Data records
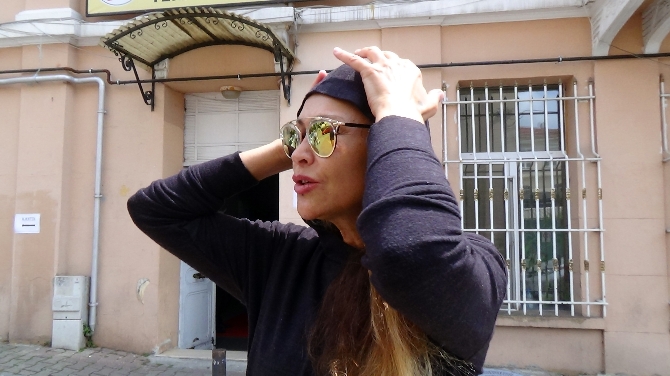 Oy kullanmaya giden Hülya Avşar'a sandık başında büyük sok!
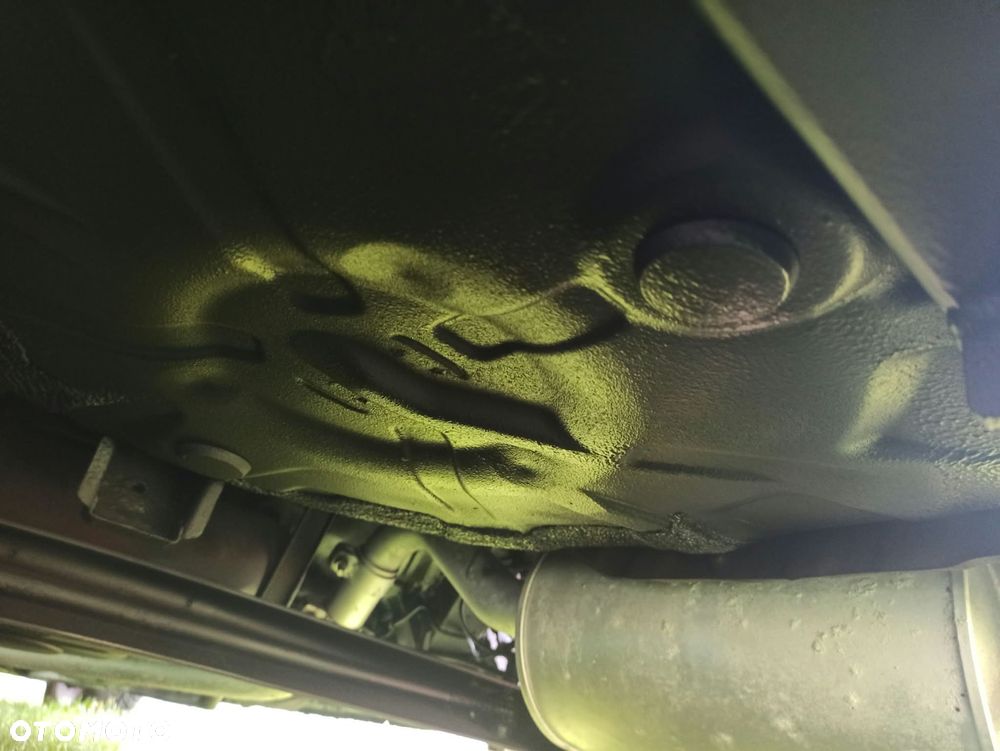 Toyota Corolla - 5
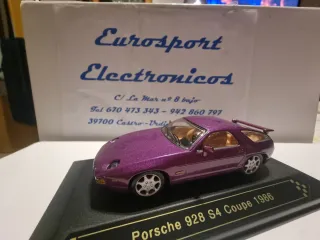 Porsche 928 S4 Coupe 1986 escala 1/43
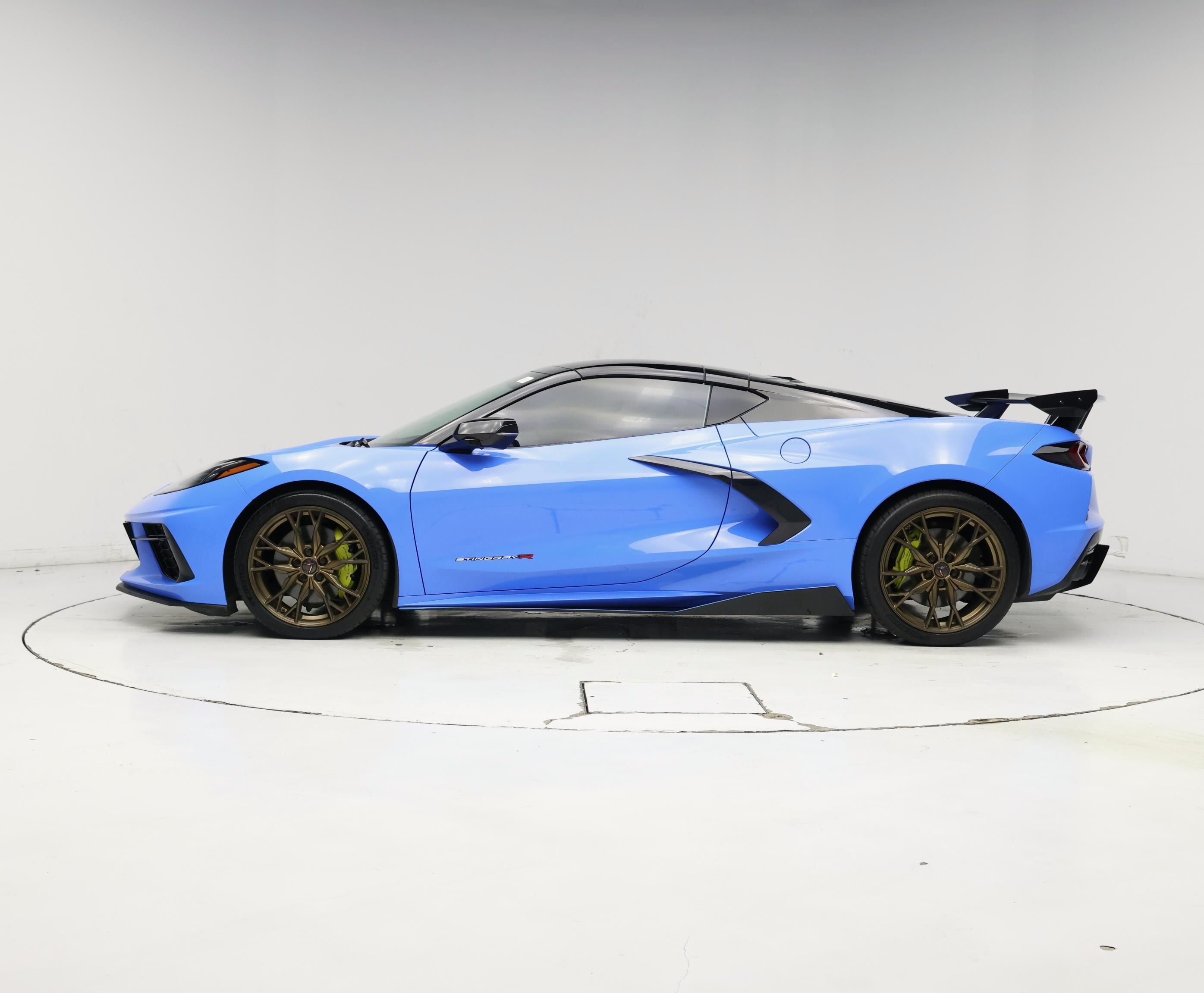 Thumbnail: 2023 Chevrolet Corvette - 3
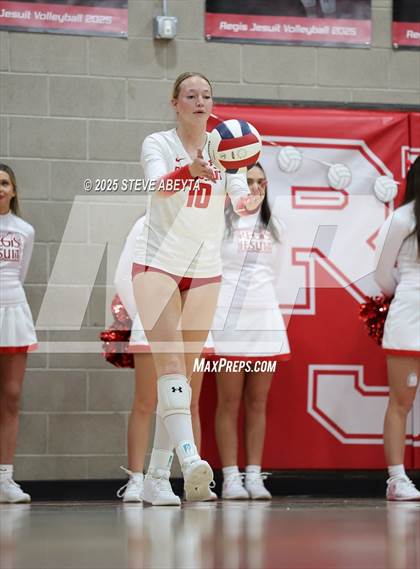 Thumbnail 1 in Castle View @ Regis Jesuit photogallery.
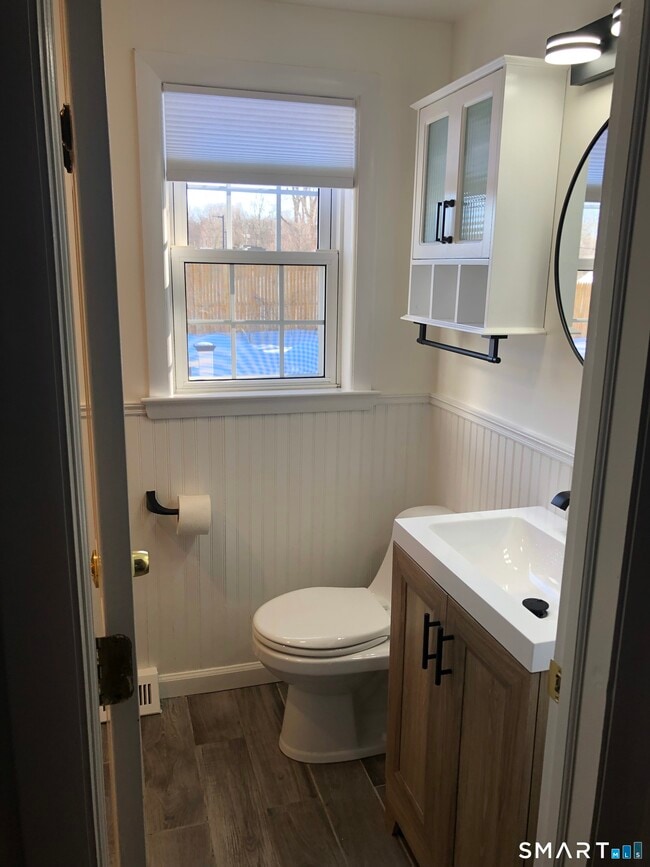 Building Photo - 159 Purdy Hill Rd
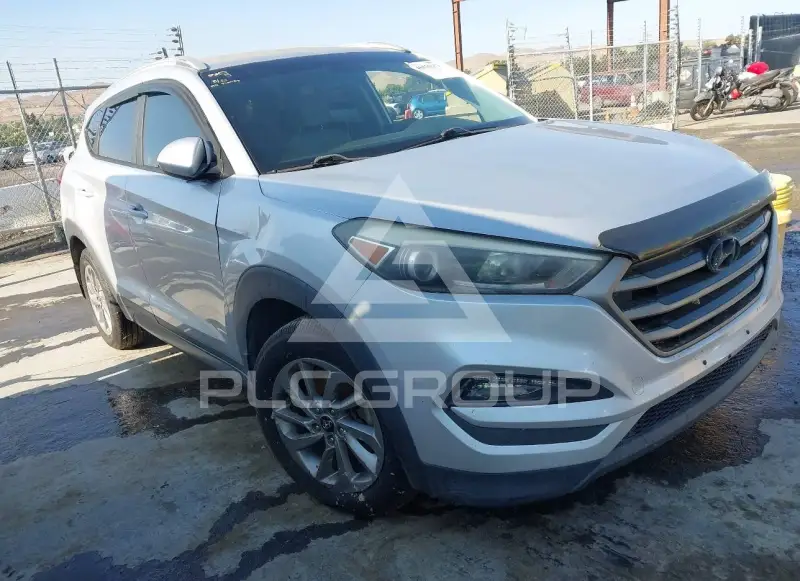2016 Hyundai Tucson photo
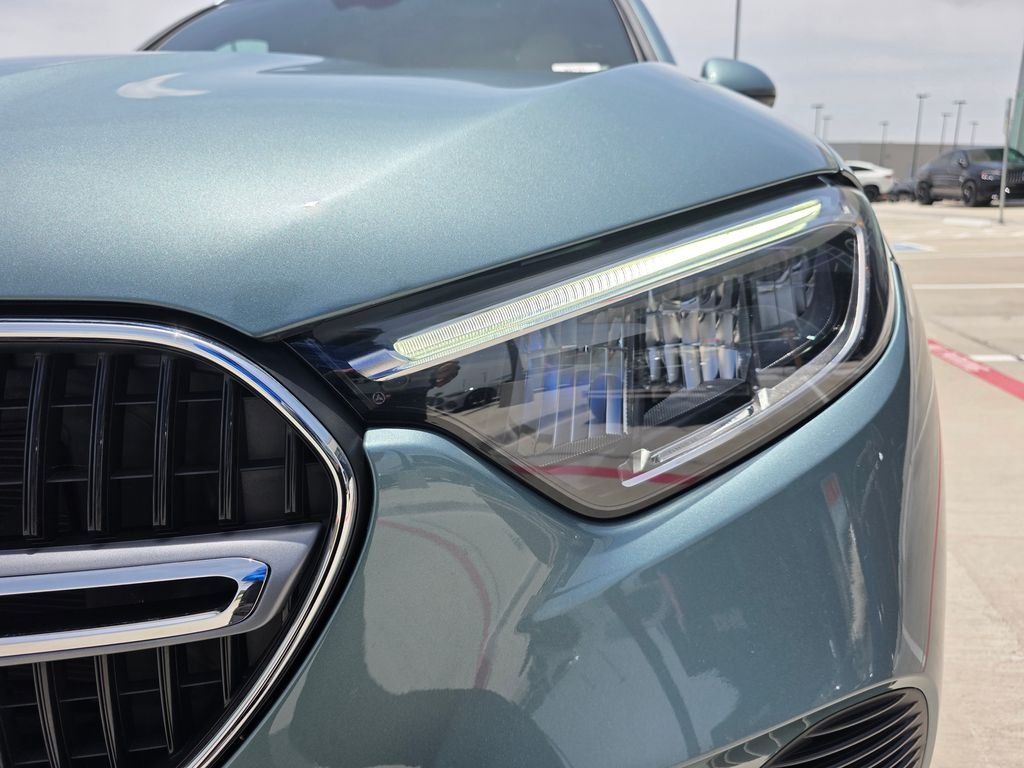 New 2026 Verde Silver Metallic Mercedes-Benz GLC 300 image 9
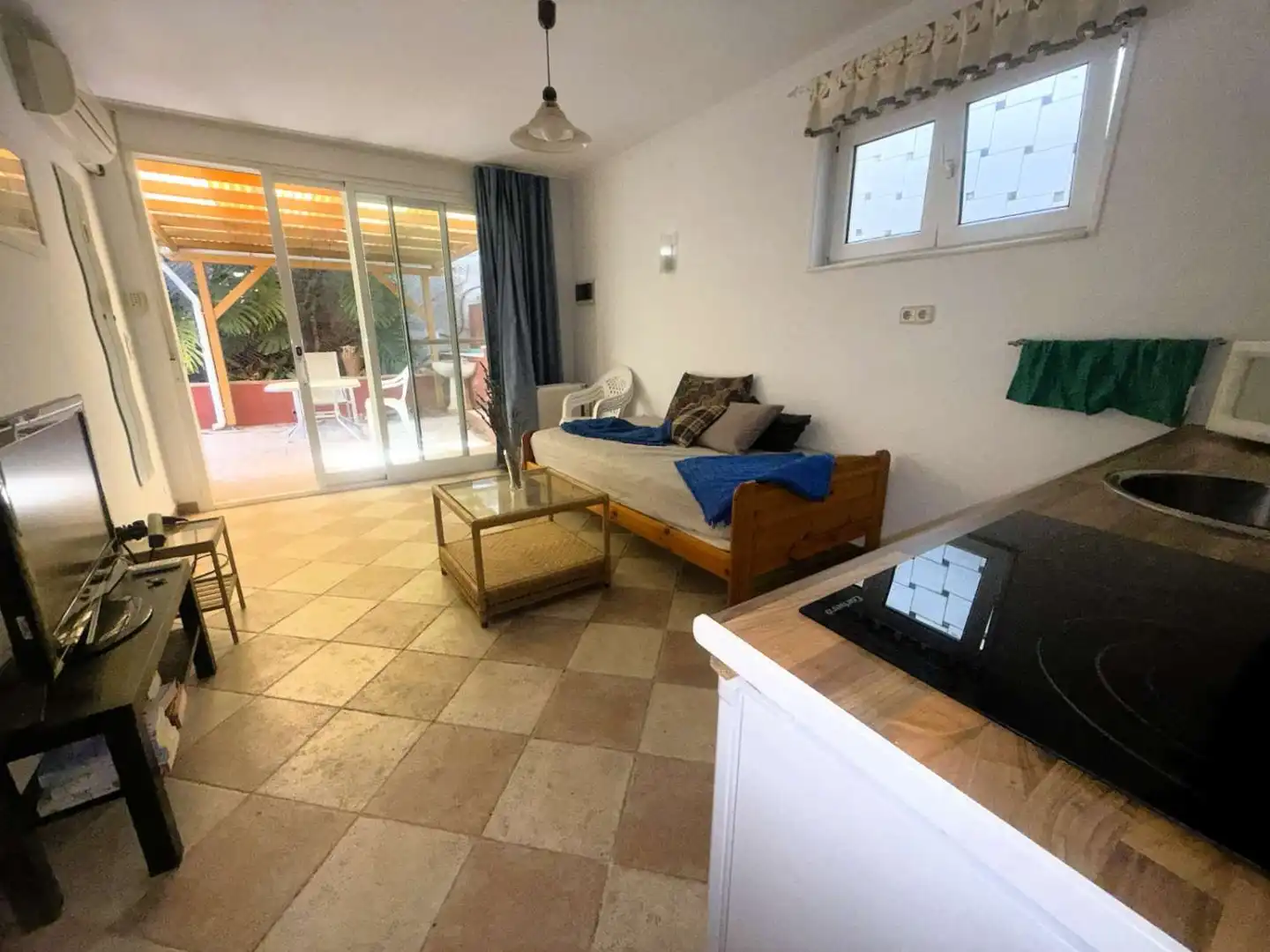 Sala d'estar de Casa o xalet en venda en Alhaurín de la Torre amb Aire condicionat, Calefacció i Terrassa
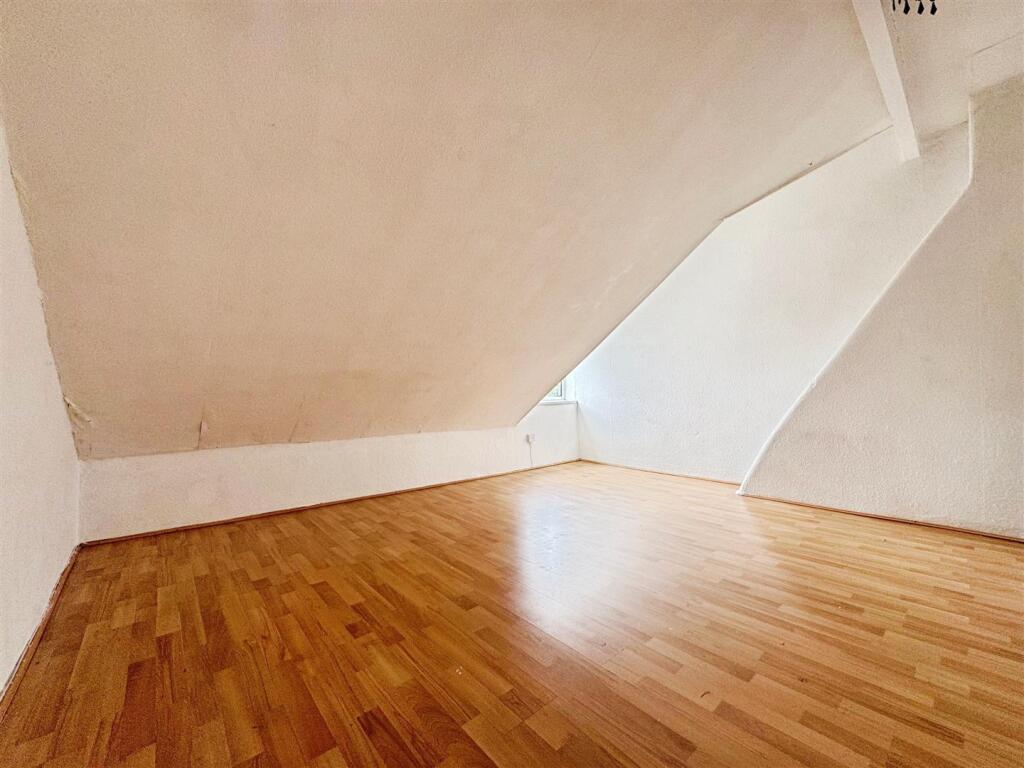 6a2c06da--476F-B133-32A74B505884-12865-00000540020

• Task brief
Leave the pictures out, then output exactly the lines from the "2016 Hyundai Tucson photo" line through the end of the records above, and no others.

• Reply
2016 Hyundai Tucson photo
 New 2026 Verde Silver Metallic Mercedes-Benz GLC 300 image 9
 Sala d'estar de Casa o xalet en venda en Alhaurín de la Torre amb Aire condicionat, Calefacció i Terrassa
 6a2c06da--476F-B133-32A74B505884-12865-00000540020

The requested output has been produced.